América Latina, en peligro de desindustrialización por comercio desleal de acero

América Latina atraviesa un momento crítico debido al impacto de las importaciones de acero subsidiadas, principalmente las provenientes de China, lo que amenaza la industria local y el empleo, señaló Ezequiel Tavernelli, director ejecutivo de la Asociación Latinoamericana del Acero (Alacero).
En entrevista, el directivo refirió que datos de la Organización para la Cooperación y el Desarrollo Económicos (OCDE) indican que el gigante asiático ofrece subsidios 10 veces superiores a los de cualquier país desarrollado, lo cual le permite inundar el mercado global con acero a precios reducidos.
Explicó que actualmente el mundo enfrenta una sobrecapacidad de 700 millones de toneladas frente a un consumo de mil 800 millones, y China concentra cerca de 33 por ciento de esa sobreproducción.
“No estamos compitiendo empresas con empresas, sino empresas contra un país, y ese es el problema de desequilibrio que hay en la industria mundial y que en particular afecta a América Latina.”
Destacó que la región produce apenas 55 millones de toneladas, mientras las importaciones (la mitad procedentes de China) ya representan 40 por ciento del consumo regional . Esta situación ha llevado a que la producción de algunos países de la región se haya desplomado a niveles similares a los observados durante la pandemia de covid-19.
El directivo hizo énfasis en la necesidad de aplicar medidas de defensa comercial como aranceles, controles de calidad y verificaciones de origen.
Destacó las acciones puestas en práctica por el gobierno de la presidenta Claudia Sheinbaum Pardo, que ha detectado más de 700 irregularidades de proveedores chinos. “México, que es un ejemplo a nivel mundial”, subrayó.
Actualmente los productos siderúrgicos mexicanos deben pagar aranceles de 50 por ciento en territorio estadunidense, debido a prácticas desleales de los importadores.
Apuntó que Estados Unidos, Europa y Brasil también han fortalecido sus barreras para proteger la industria.

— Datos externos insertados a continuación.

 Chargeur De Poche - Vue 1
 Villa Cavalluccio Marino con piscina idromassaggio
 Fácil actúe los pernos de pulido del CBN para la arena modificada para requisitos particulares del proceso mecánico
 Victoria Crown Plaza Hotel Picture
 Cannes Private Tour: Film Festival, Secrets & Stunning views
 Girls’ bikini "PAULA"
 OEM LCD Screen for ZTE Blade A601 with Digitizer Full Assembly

No obstante, destacó que Brasil está “inundado” de acero chino.
Tavernelli alertó que América Latina se está desindustrializando, pues en los últimos 30 años la participación de productos manufacturados en las exportaciones cayó de 51 a 48 por ciento, mientras la exportación de materias primas ya representa 52 por ciento. “Estamos exportando soya, café y cacao, pero no autos ni electrodomésticos. Para generar empleo sostenible debemos agregar valor de origen”, afirmó.
Ante este panorama, destacó Tavernelli, es importante fortalecer la política industrial y fomentar la producción de bienes con valor agregado, como baterías de litio en lugar del mineral en bruto, a fin de revertir la tendencia y evitar que la región siga perdiendo empleos frente a las importaciones subsidiadas.

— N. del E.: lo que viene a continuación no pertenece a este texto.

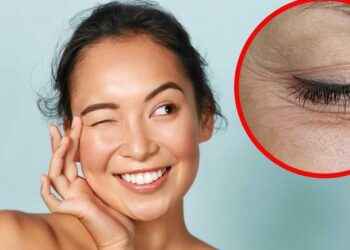 4 mascarillas para prevenir las “patas de gallo” (y otros consejos para una mirada joven)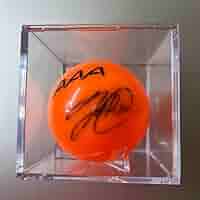 AAA Nissy サイン入り クリアボトル AAA Nissy サイン入り クリア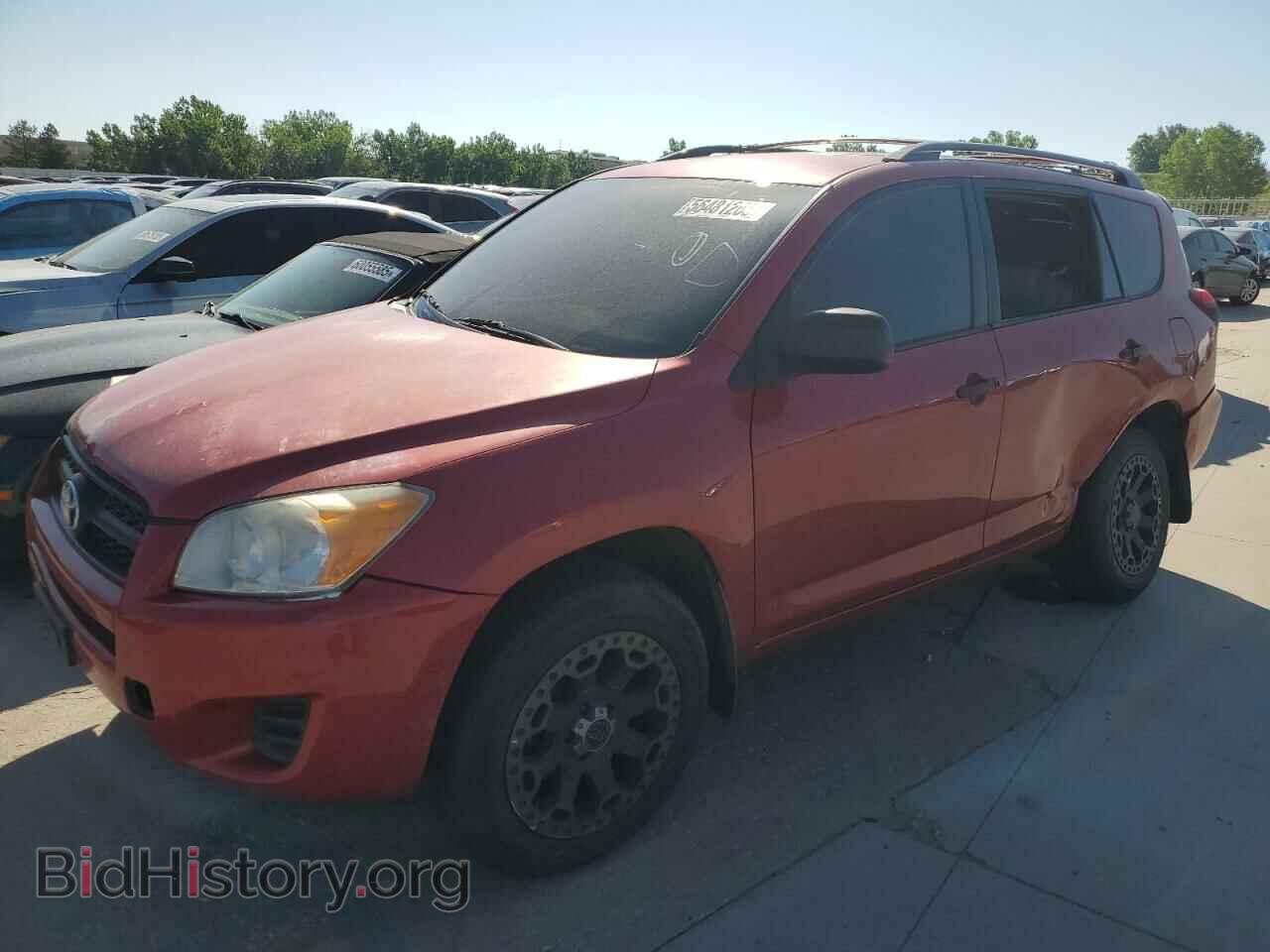 Photo 2T3BF4DV4AW078069 - TOYOTA RAV4 2010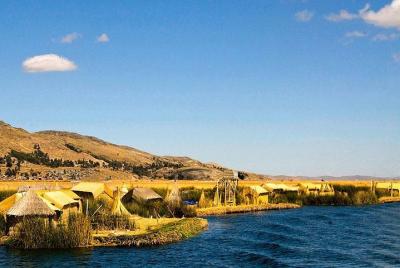 Excursión de 2 días por Uros Amantani e Isla Taquile desde Puno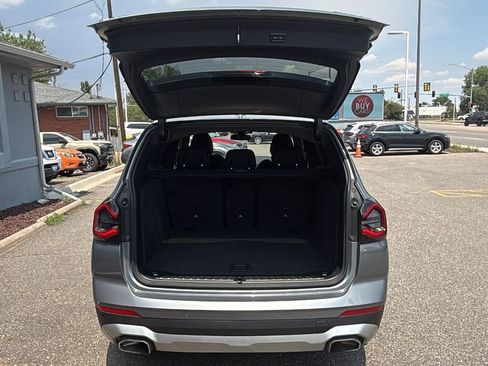 Used 2024 BMW X3 xDrive30i image 7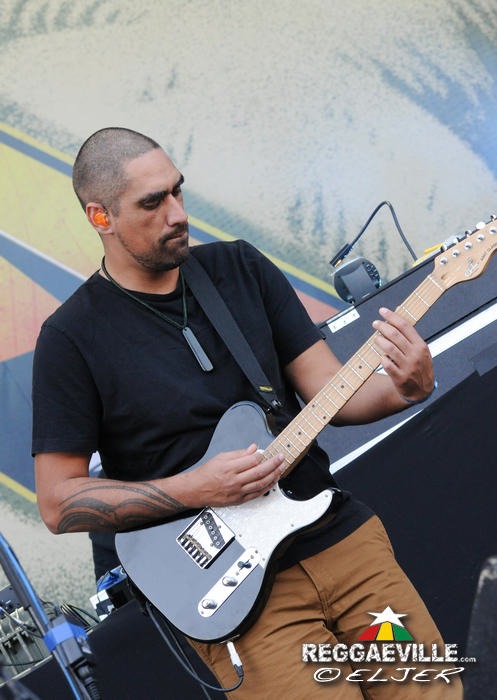 Fat Freddy's Drop @ SummerJam 2013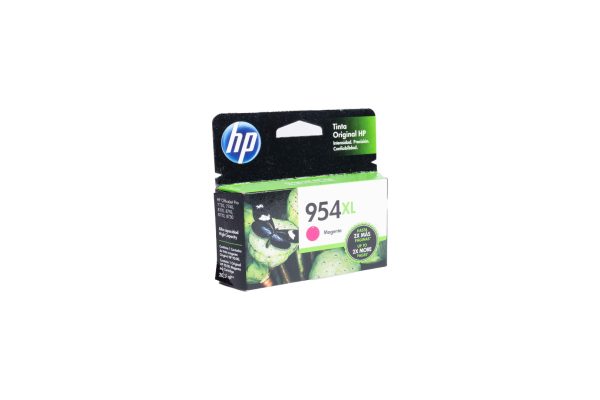 CARTUCHO DE TINTA 954XL L0S65AL MAGENTA 1600 PAGINAS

El director ejecutivo de Alacero también destacó que México es líder regional en innovación, con la construcción del horno eléctrico más avanzado del mundo en el municipio de Pesquería, Nuevo León.
Comentó que con esta inversión hecha por Ternium, el país producirá aceros de alta calidad y con baja huella de carbono. La región, subrayó Tavernelli, tiene una ventaja competitiva clave: una matriz energética con más de 63 por ciento de fuentes renovables, frente al promedio global de 30 por ciento.